The terms of the employment contract must provide sufficient certainty to enable the contract to be performed. Therefore, the contract must have clear terms on the essence of the bargain between the employer and employee, that is, the work to be undertaken and the remuneration for the work undertaken. Even where there is some uncertainty on these points, the courts are unlikely to find the contract to be unenforceable as terms may be implied to reflect the intentions of the parties. Terms that are implied as a matter of law in all employment contracts include the obligation to act in good faith and with fidelity, to work with skill and diligence, and to obey lawful and reasonable directions.

To what extent are fixed-term employment contracts permissible?

Fixed-term employment contracts are permissible under Australian law, and there is no legal maximum duration for such contracts. However, a true fixed-term contract (which is a contract that does not allow for termination with notice before its end-date) may imply a term of reasonable notice if either party attempts to bring the contract to an end before the expiry of the term (particularly if the term of the contract is so long as to be unreasonable). Alternatively, bringing a fixed-term contract to an end before its end date may constitute a breach for which the party not in breach may recover damages. To mitigate these risks, employers often utilise maximum-term contracts, which may be terminated with notice before their end date.

Probationary period

What is the maximum probationary period permitted by law?

Probationary periods are a matter of contract and may, therefore, be of any length agreed between an employer and an employee. An employer may increase an employee’s probationary period by obtaining the employee’s agreement to vary the employee’s employment contract (however, employers may not contract out of the notice periods required under the FW Act by extending a probationary period).

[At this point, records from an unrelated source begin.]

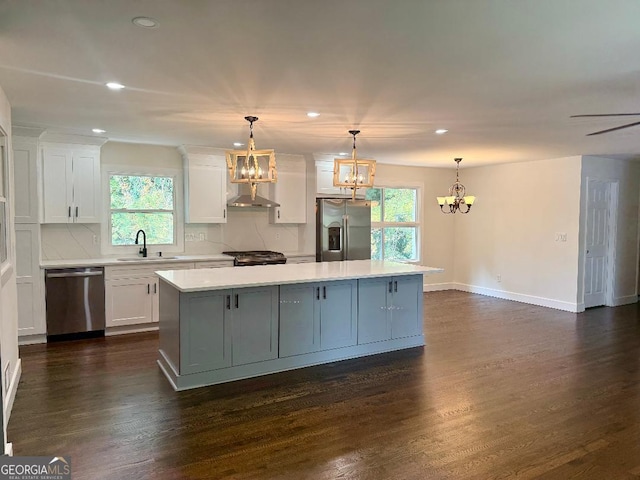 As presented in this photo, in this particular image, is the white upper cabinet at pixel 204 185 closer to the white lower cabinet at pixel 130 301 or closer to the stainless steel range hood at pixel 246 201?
the stainless steel range hood at pixel 246 201

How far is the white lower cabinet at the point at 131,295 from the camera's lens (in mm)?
5059

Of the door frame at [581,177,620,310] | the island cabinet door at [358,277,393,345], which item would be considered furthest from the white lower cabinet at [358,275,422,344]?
the door frame at [581,177,620,310]

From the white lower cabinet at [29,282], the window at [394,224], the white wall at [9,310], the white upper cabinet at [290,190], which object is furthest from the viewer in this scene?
the window at [394,224]

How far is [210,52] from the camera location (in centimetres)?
A: 241

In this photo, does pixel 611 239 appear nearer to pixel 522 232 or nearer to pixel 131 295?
pixel 522 232

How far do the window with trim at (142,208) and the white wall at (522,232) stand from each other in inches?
210

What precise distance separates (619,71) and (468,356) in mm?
2820

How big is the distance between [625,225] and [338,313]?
18.3 ft

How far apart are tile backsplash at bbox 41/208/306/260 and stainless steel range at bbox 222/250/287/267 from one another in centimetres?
25

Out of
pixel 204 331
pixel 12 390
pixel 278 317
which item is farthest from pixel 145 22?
pixel 12 390

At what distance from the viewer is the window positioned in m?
7.70

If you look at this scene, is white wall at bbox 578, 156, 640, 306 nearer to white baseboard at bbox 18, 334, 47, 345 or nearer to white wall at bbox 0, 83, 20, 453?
white wall at bbox 0, 83, 20, 453

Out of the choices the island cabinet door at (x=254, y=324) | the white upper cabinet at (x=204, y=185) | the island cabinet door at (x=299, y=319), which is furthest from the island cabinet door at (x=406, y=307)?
the white upper cabinet at (x=204, y=185)

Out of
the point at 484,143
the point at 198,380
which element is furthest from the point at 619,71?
the point at 198,380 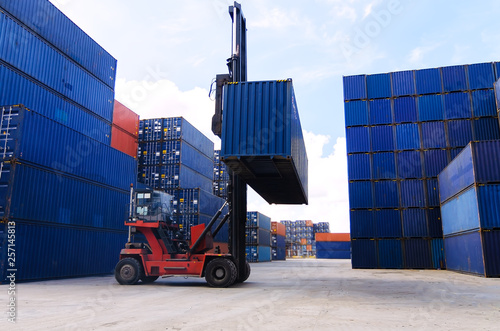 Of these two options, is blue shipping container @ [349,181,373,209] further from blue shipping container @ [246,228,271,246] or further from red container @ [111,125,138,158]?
blue shipping container @ [246,228,271,246]

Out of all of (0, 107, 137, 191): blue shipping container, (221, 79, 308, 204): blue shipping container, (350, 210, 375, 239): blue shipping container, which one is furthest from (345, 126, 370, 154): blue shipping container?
(221, 79, 308, 204): blue shipping container

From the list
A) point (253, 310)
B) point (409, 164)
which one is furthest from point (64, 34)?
point (409, 164)

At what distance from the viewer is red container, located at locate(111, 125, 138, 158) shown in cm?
2803

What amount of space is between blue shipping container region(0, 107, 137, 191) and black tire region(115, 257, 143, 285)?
5912 millimetres

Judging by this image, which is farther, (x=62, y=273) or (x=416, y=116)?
(x=416, y=116)

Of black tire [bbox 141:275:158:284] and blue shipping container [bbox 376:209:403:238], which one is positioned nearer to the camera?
black tire [bbox 141:275:158:284]

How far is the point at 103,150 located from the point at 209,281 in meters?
10.6

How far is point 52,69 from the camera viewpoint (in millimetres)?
19922

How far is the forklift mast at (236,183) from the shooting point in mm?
14295

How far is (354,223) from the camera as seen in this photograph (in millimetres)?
27250

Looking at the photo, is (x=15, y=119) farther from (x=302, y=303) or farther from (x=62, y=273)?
(x=302, y=303)

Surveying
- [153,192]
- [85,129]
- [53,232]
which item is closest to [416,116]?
[153,192]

The duration of a probationary period will often reflect the duration of the relevant ‘minimum employment period’ for the unfair dismissal jurisdiction under the FW Act (12 months for small business employers and six months for all other employers). This is because an employee whose employment is terminated within the minimum employment period is not eligible to bring a claim for unfair dismissal.

Classification as contractor or employee

What are the primary factors that distinguish an independent contractor from an employee?

A distinction is drawn between work done under a contract of service (an employee) and work undertaken under a contract for services (independent contractor). At common law, the distinction between employees and independent contractors is determined by applying a multi-indicia test, which looks at the totality of the employment relationship and the reality of the work arrangements. This dichotomy may be altered by specific legislative schemes, such as in the context of work health and safety legislation, which uses an expanded definition of ‘worker’ that imposes obligations in respect of both employees and independent contractors, or the FW Act, which provides some protections for independent contractors.

Temporary agency staffing

Is there any legislation governing temporary staffing through recruitment agencies?

Recruitment agencies that are the employers of workers placed in organisations on a temporary basis are required to comply with labour law and employment legislation concerning those employees. For example, such recruitment agencies must comply with obligations imposed under anti-discrimination legislation and the unfair dismissal and general protections regimes of the FW Act.

Further, certain Australian states and territories (South Australia, Western Australia, Australian Capital Territory and Queensland) have legislation in place governing licensing regimes for recruitment agencies (although there is no such legislation at the Commonwealth level).